**What this task involves**
Repeat everything from the first line of the listing below through the line that contains "丰YX.手绘油画552《喜》厚肌理尚装顺饰画H凹凸抽象画红色系玄关", exactly. Leave out pictures.

**Information provided**

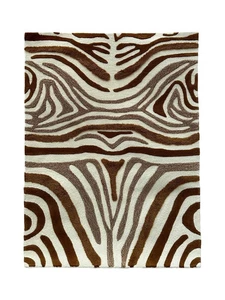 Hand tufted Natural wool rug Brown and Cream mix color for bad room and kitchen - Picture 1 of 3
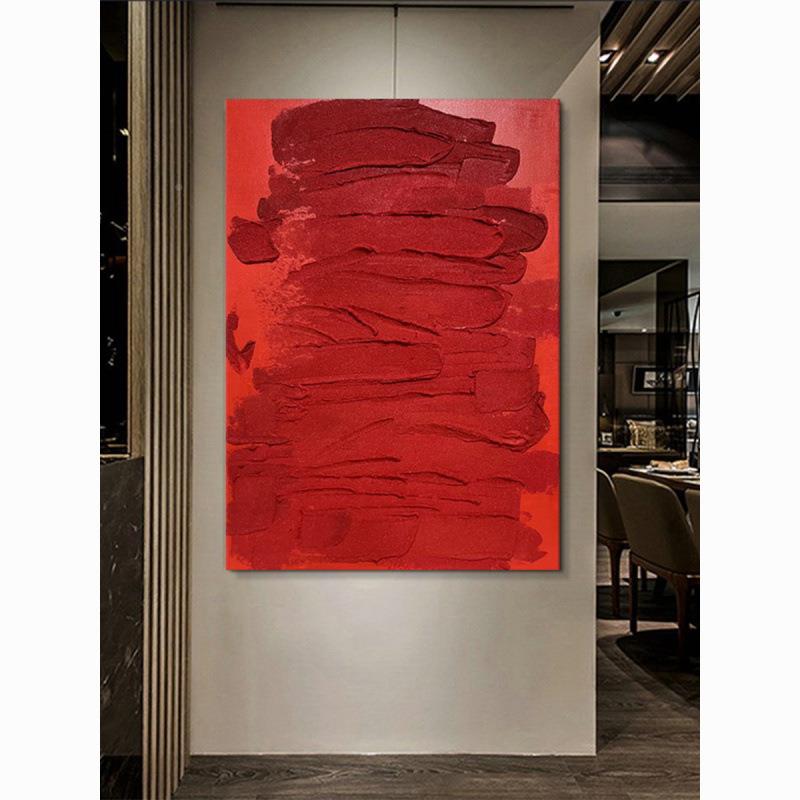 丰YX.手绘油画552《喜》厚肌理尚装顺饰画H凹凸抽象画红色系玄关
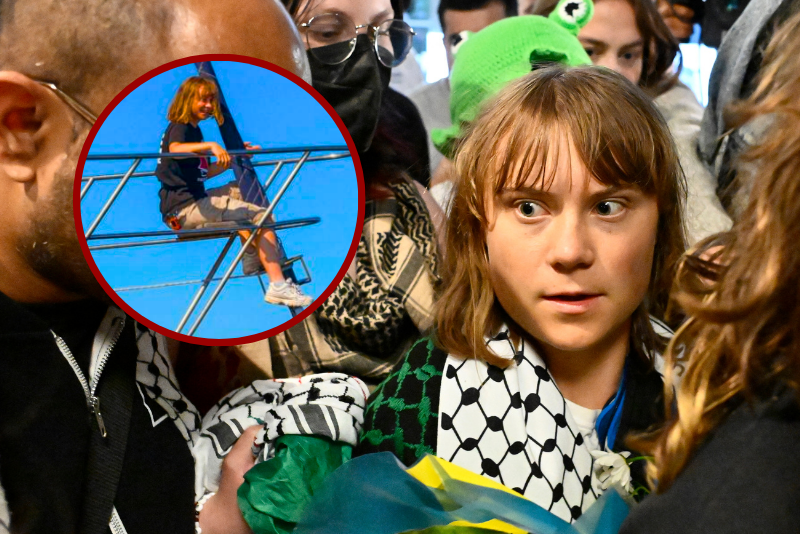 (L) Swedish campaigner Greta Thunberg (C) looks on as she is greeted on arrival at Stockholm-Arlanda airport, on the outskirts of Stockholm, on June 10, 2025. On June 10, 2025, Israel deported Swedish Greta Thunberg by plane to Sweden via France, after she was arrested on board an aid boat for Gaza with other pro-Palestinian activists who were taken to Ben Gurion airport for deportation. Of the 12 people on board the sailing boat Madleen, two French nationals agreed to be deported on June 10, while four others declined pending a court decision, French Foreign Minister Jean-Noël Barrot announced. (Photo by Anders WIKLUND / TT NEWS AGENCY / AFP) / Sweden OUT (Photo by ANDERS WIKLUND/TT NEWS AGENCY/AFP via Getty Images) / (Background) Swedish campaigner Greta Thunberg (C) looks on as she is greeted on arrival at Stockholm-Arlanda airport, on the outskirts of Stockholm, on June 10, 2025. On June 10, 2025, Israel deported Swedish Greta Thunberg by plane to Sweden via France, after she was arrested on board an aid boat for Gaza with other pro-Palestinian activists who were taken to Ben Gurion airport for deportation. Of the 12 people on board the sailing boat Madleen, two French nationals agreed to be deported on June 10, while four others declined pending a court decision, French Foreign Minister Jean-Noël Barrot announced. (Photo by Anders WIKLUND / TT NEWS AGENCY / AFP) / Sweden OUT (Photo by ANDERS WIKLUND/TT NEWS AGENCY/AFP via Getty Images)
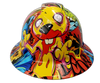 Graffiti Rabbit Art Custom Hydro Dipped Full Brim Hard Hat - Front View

**Response area**
 Hand tufted Natural wool rug Brown and Cream mix color for bad room and kitchen - Picture 1 of 3
 丰YX.手绘油画552《喜》厚肌理尚装顺饰画H凹凸抽象画红色系玄关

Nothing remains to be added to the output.